Wilco - You Never Know b/w Unlikely Japan
This soon-to-be-collectible seven incher (only available mail-order and through Record Store Day-affiliated US indie stores) near-perfectly represents the split-personality powering latter-day Wilco. On the A-side we have the lush harmony-dripping “You Never Know” (one of the four or five essential tracks from the new Wilco (The Album) platter) highlighting Jeff Tweedy’s seemingly uncontrollable urge for imagining a Steely Dan & The Heartbreakers collaboration album. With its somewhat ‘hey, stop worrying, man’ lyrical vibe that indirectly recalls John Lennon’s White Album-era radicalism-abdication anthem “Revolution,” it could stray close to baiting eco and economic protesters with couplets like “All you fat followers get fit fast/Every generation thinks it’s the last” and “I don’t care anymore/It’s a fear to transcend if we’re here at the end.” But that’s just crude conjecture and Tweedy could just as well be copping a feel of the mischievous wordplay of his on/off creative foil Jim O’Rourke. On the flip, there’s a more curious and previously unreleased 2003 version of “Impossible Germany” (which eventually appeared in re-recorded form on 2007′s Sky Blue Sky). Substantially different from the previously-known official version, the alternatively-named “Unlikely Japan” peers much closer into the post-rock vortex surrounding 2002′s Yankee Hotel Foxtrot and 2004′s A Ghost Is Born; moving from fractured piano lines and electro-acoustic strumming to a Krautrock throb and a vocoder-treated vocal conclusion. Ultimately, the smoother Sky Blue Sky version is more assured but fans of Wilco’s wilder streak will be happy to hear it – that is if they can find this slice of wax before the eBay vultures do.
The Cure-Ator/Terry Edwards & The Scapegoats – In Between Days b/w Boots Off!! (Sartorial Records, 7″ vinyl/download)

The Cure-Ator/Terry Edwards & The Scapegoats - In Between Days b/w Boots Off!

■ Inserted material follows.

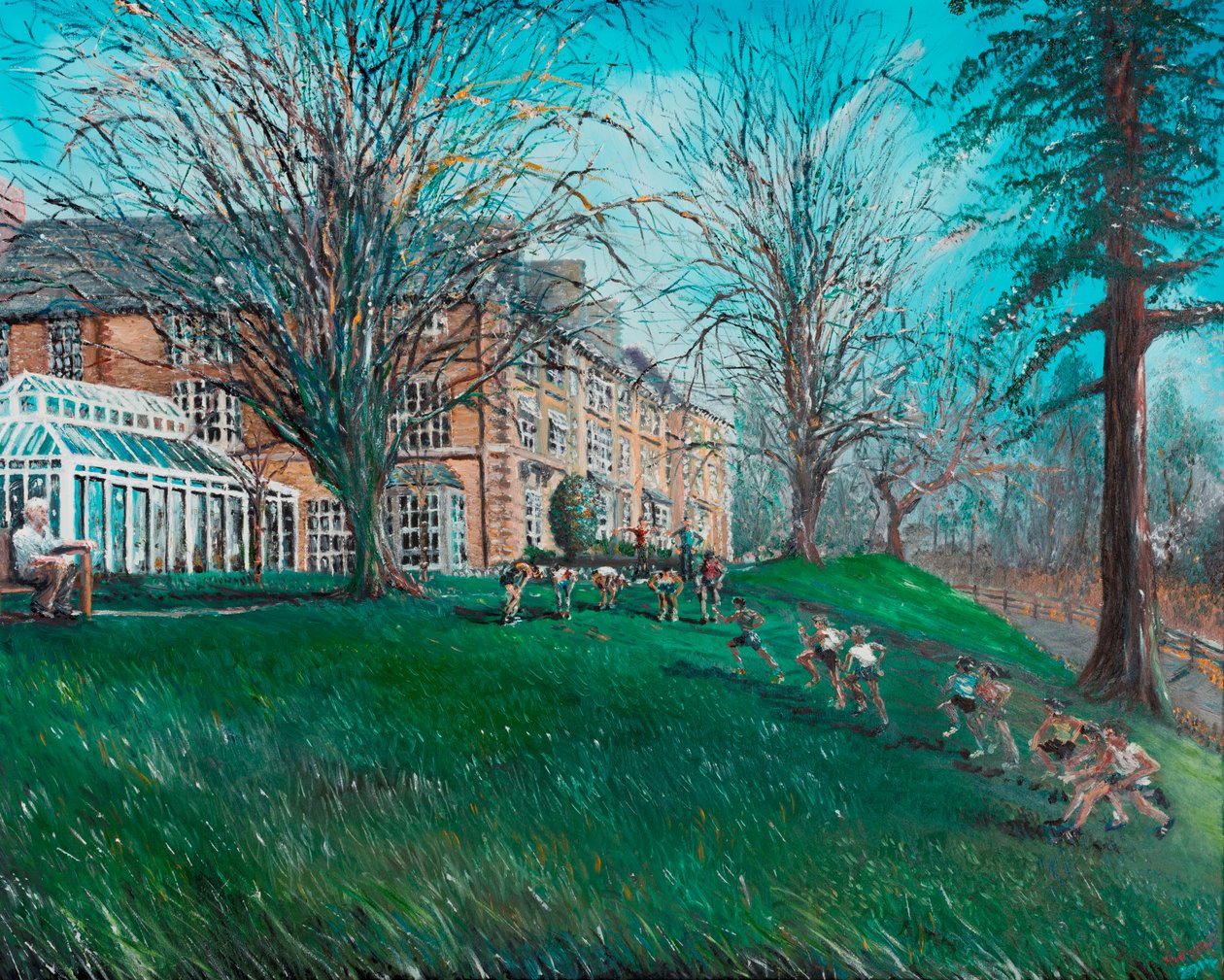 Allenamento al Gilsland Spa Hotel, 2014 da Vincent Alexander Booth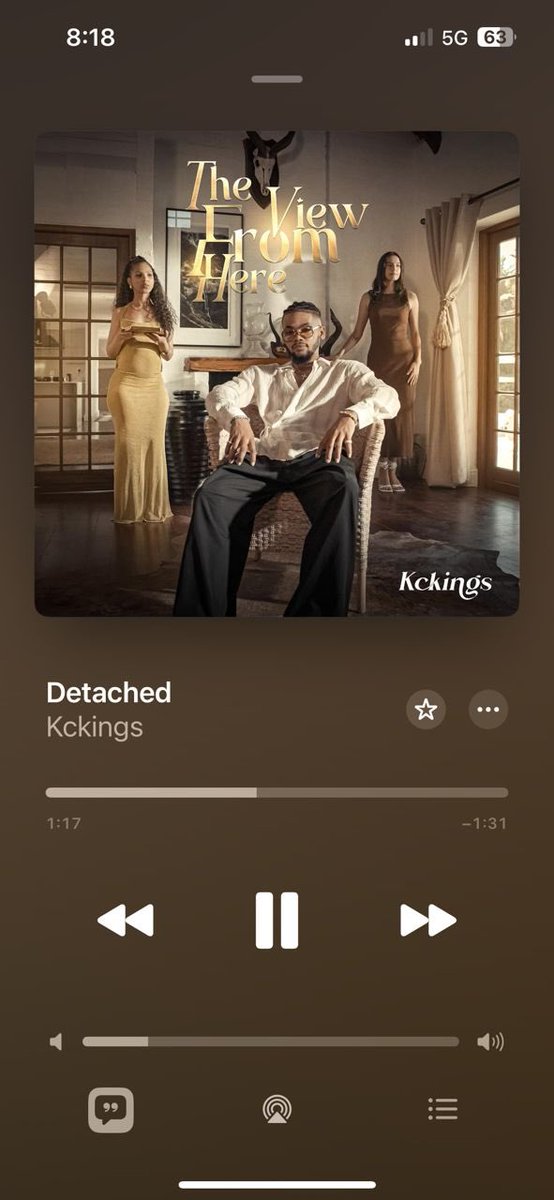 Therealqb4's tweet photo. No more waiting, “The View From Here” is officially out 🔥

As a long-serving accomplice to the sleazy Gallon Drunk and the debonair Tindersticks (amongst many others), with his adroit brass, woodwind and keyboard skills, Terry Edwards has earned himself the luxury of sneaking-out a steady stream of deeply eccentric solo records over the years; and here’s another one. Originally conceived but shelved in the ’90s as part of the fourth instalment in a series of EPs sardonically reworking the works of The Jesus & Mary Chain, Miles Davis and The Fall, Edwards’s refashioning of The Cure’s much-loved “In Between Days” finally makes it out officially under the punning pseudonym of The Cure-Ator. Whilst there’s been a bizarre glut of Cure tributes in the last couple of years – with three different covers compilations in circulation just for starters – Edwards’s wordless absorption of “In Between Days” into his own ’70s TV cop-show theme shtick is rendered with enough affectionate wit to induce both amusement and euphoria. Even better though, is The Scapegoats-backed “Boots Off!!” on the AA-side (extracted from 1997′s soon-to-be-reissued I Didn’t Get Where I Am Today album). With its squelchy freewheeling sax, splattering garage-rock drums and careening vintage keyboards, “Boots Off!!” could in a parallel world be Terry Edwards’s signature tune and hit-single rolled-into one. But in this dimension, it remains a joyfully infectious instrumental nugget that will be cherished by the handful of us lucky enough to know one of the true British eccentrics worth (re)discovering.